The citations MacMullen et al., 2017, Irmady et al., 2023, and Beghini et al., 2021 were erroneously included at certain points in the section Methods, Bioinformatics and statistical analysis.

This section now reads as:

“FastQC v0.11.8 was used to verify the quality of raw RNA-Seq data. Cutadapt v2.8 was used to eliminate adaptor sequences and low-quality bases from raw data. The pre-processed sequencing data were processed using MetaPhlAn4 (Beghini et al., 2021), which relies on unique clade-specific marker genes discovered from 17,000 reference genomes (13,500 bacterial and archaeal, 3,500 viral, and 110 eukaryotic taxa). To exclude bacterial, eukaryotic (human), and archaeal taxa, the functions “—ignore bacteria,” “—ignore eukaryotes,” and “—ignore archaea” were employed. Taxonomic assignments were made using the internal MetaPhlAn4 database. The feature count table was filtered to eliminate counts >2 with sample prevalence >10%. The final feature count table for downstream analysis was prepared by total-sum scaling (TSS) normalization followed by rarefication for sample depth normalization. Alpha diversity metrics such as Observed, Shannon, Simpson, as well as differential viral communities (beta diversity) between HCs and NDs groups using the Bray-Curtis and Jaccard index distances based on non-metric multidimensional scaling (NMDS) and the PERMANOVA significance test, were calculated in R using the vegan package v2.5.6 (Oksanen et al., 2025).
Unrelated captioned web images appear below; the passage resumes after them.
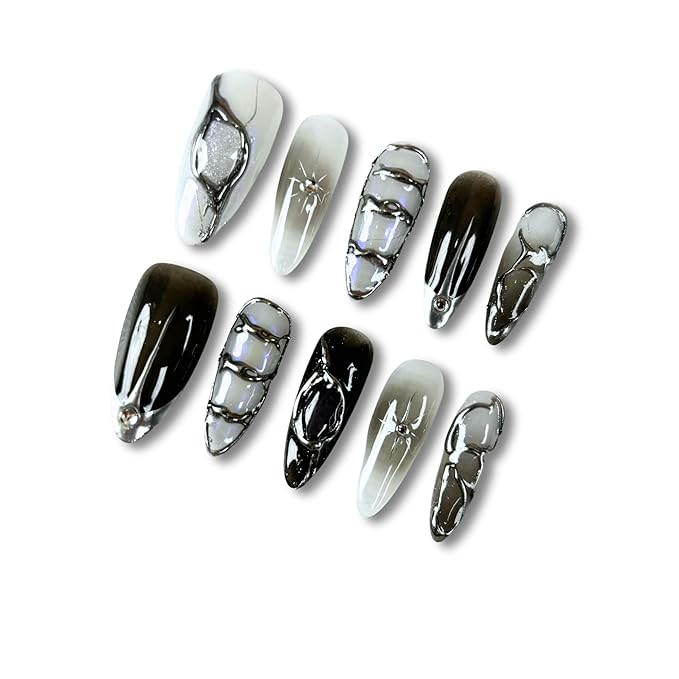 Handmade French Tip Press On Nails Long Stiletto,10 Pcs Pre Designed False Nails with 3D Charms, Reusable Salon Design Woman Nails for Wedding,Bridal, Party (040, L)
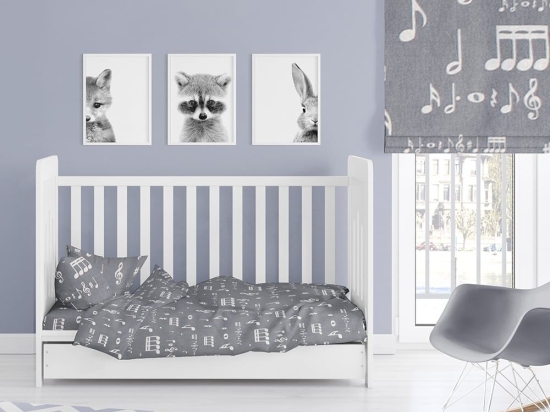 Παπλωματοθήκη Βρεφική Πεντάγραμμο 445 Grey DimCol 120x160cm Βαμβάκι-Πολυέστερ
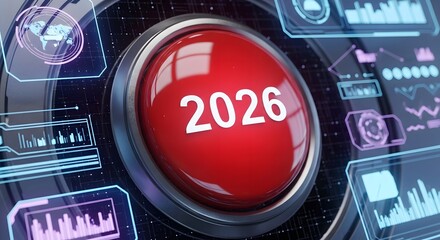 A prominent red push button displaying '2026' at its center, surrounded by a futuristic, high-tech control panel with glowing digital interfaces and data visualizations.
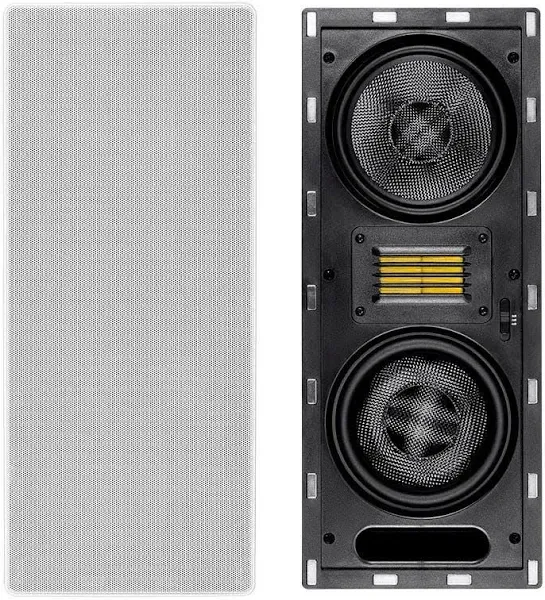 Monoprice 3-Way Carbon Fiber In-Wall Column Speaker - 6.5 Inch (Each) With Ribbon Tweeter, 8 Ohm Nominal Impedance, Magnetic Grille, 200 Watt Max, White - Amber Series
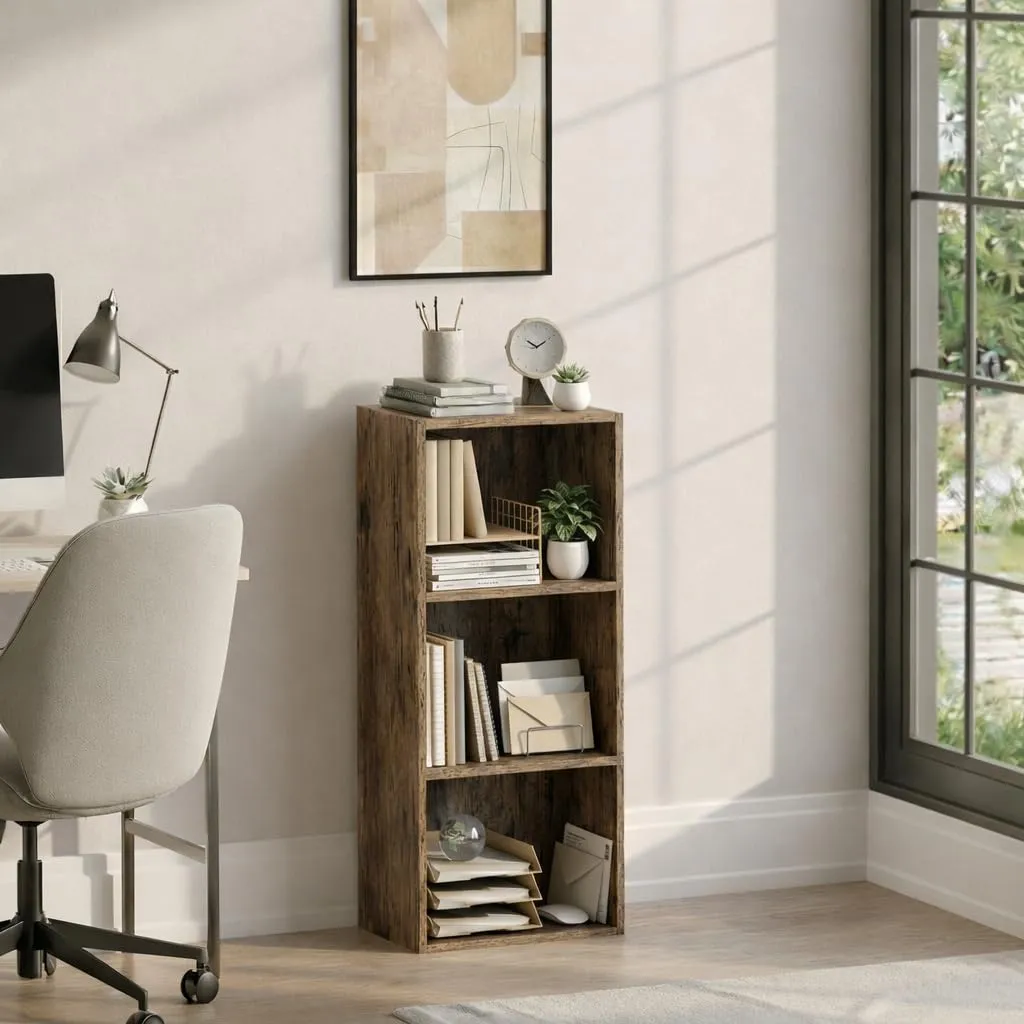 Vida Designs Oxford Libreria a 3 ripiani a cubo in legno scuro - immagine 1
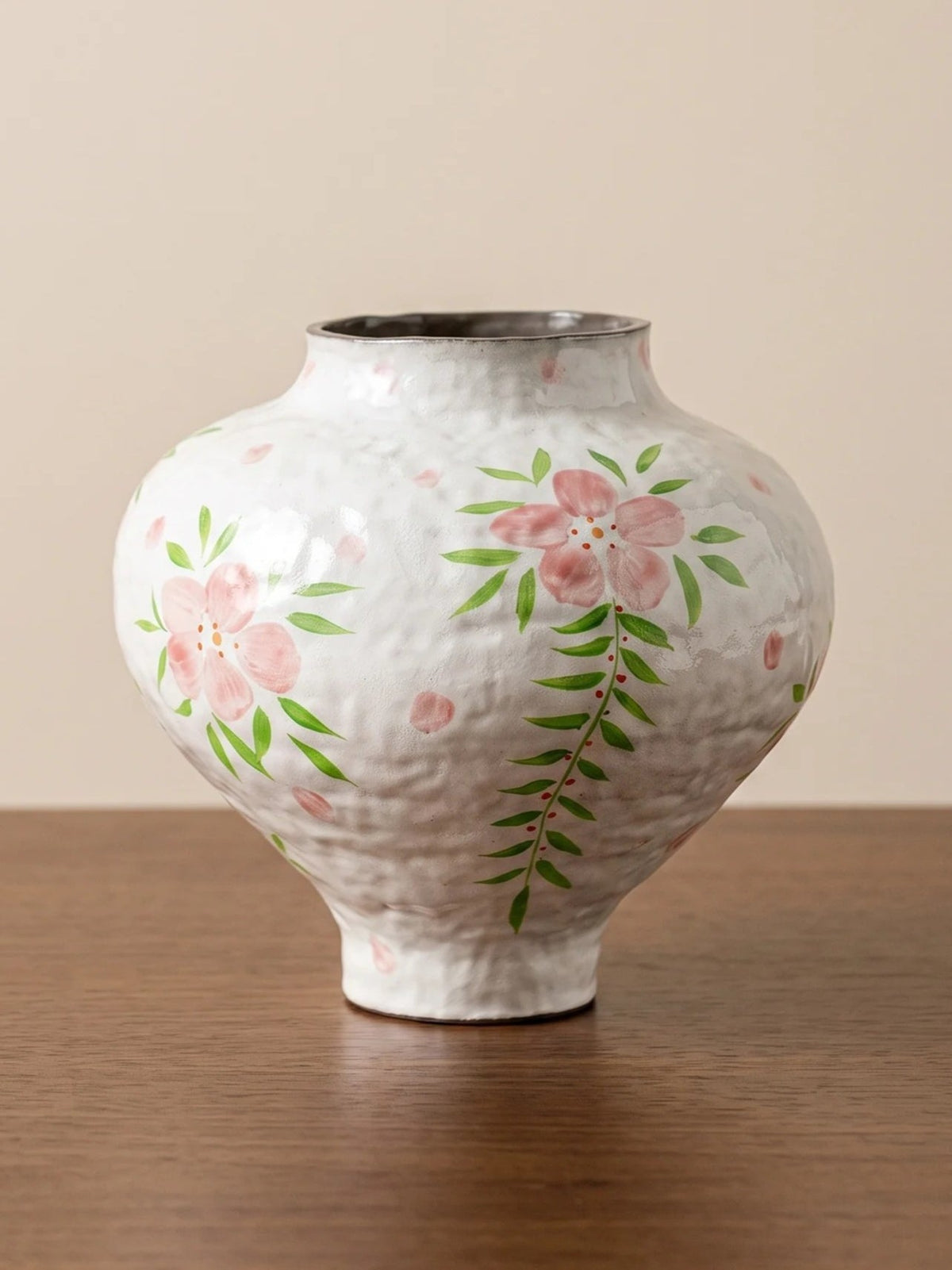Floral glazed ceramic vase detail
Linear discriminant analysis effect size (LEfSe v1.1.01) (Segata et al., 2011) (LDA score >2, and p < 0.05) was used to detect differentially abundant viral species between NDs and HCs groups. The (unpaired) Wilcoxon rank-sum test was used to validate the viral signatures. The receiver operating characteristic analysis (ROC) was used to estimate the predictive value of each discovered viral species. Spearman correlation was used for correlation analysis. Heatmaps of the core virome were created in Microbiome Analyst server (Dhariwal et al., 2017). Finally, to improve the accuracy of biomarker detection, the study used CombiROC, a tool for combining multiple markers, to identify the best combination of viral species for distinguishing between neurodegenerative disease patients and healthy controls. CombiROC uses a machine learning approach to identify the optimal combination of biomarkers that provides the highest sensitivity and specificity (Mazzara et al., 2017).”

The original version of this article has been updated.